Since you are a kid, you were taught to study. Not to learn, but to achieve a score based on your answers. Your brain learned that regardless of whether you retained the information and transformed it into true knowledge, the most important thing was to memorize answers for the next exam. My goal here is not to criticize the teaching methodology, but to tell you that if you aren't in school, you don't need to follow it anymore.
If you are free of exams, group presentations, or any other school work, why do you still study like you aren't?
I noticed this contradiction in myself. One of my goals for this year was to study topics beyond coding, like healthy eating, bitcoin, rhetoric, and so on. I was so excited that I started executing this plan even before the year began. I listed all the study topics, grouped them in chapters, and built an organized schedule to study every week. It started very well, I learned a lot. However, after some days, something felt wrong. I was not motivated anymore. The joy of learning was gone. What happened along the way? I discovered the reason, but before I tell you, let me give you more context.

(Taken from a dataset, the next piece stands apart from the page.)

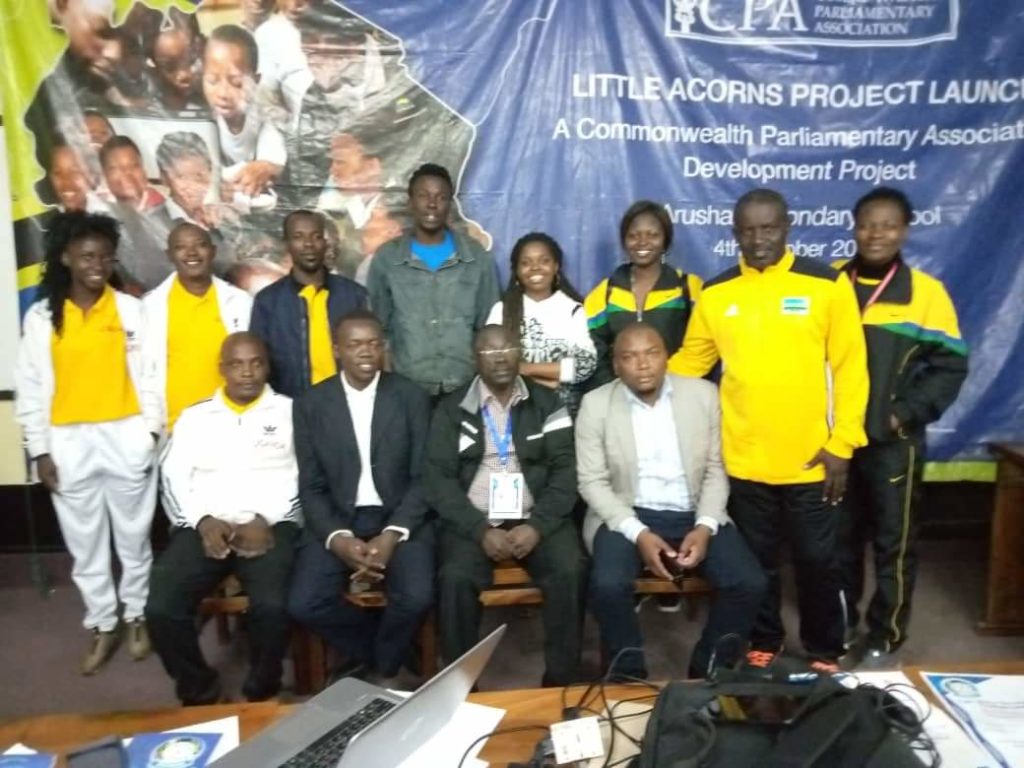 The FEASSSA Secretariat Team after concluding their work in the 2019 games in Arusha, Tanzania (Seated Centre; in specs, is Mr. George Omondi the FEASSSA Vice Secretary General).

Some time before I started this study cronogram, I decided to learn more about bitcoin. I'm very interested in investments, but I didn't have contact with crypto before. I watched some videos, understood the basics, created an account in a crypto exchange, and bought my first satoshis. I was very happy with my progress. But why was I so happy? It's because I studied and practiced motivated by genuine curiosity. It was like playing Minecraft for the first time, exploring the new things that were at my disposal. I went to study with an "adventurer spirit".

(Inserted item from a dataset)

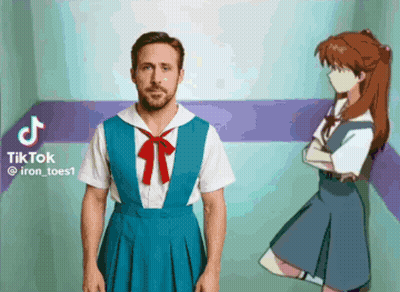 A Man In A Blue Dress Is Standing Next To A Girl In A Blue Dress GIF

I call this "on-demand study". I'm genuinely interested to learn, so I study.
With that in mind, let's go back to the part where I was demotivated. What did I discover? What was the reason for my demotivation? Simple: I tried to put my joy of on-demand study into the "school teaching methodology" box. Instead of studying like an explorer, I was studying to follow a predefined schedule, to mark that day as "done". I forced myself to live the school routine again. Self-sabotage.
When I finally realized it, I stopped following the schedule and deleted it. I was free again. It seems ridiculous, I know. But I was blinded. I had been doing something I learned for 15 years, and I didn't notice.
After that small flash of consciousness, I started thinking: "What other habits do I have that I'm not aware of and why I'm doing them?" I invite you to think about it too.
We learn and reproduce many things during our lives. Some of them we don't even notice. Our mindset is sharpened by the ideas we are most exposed to. My example was simple, just a study routine, but the reflection it provokes helps me observe and question my thoughts more. So, to conclude, I have two pieces of advice. First, observe your actions and see what you are reproducing and whether it's good for you. Second, forget school methodology. Study like an adventurer exploring new worlds.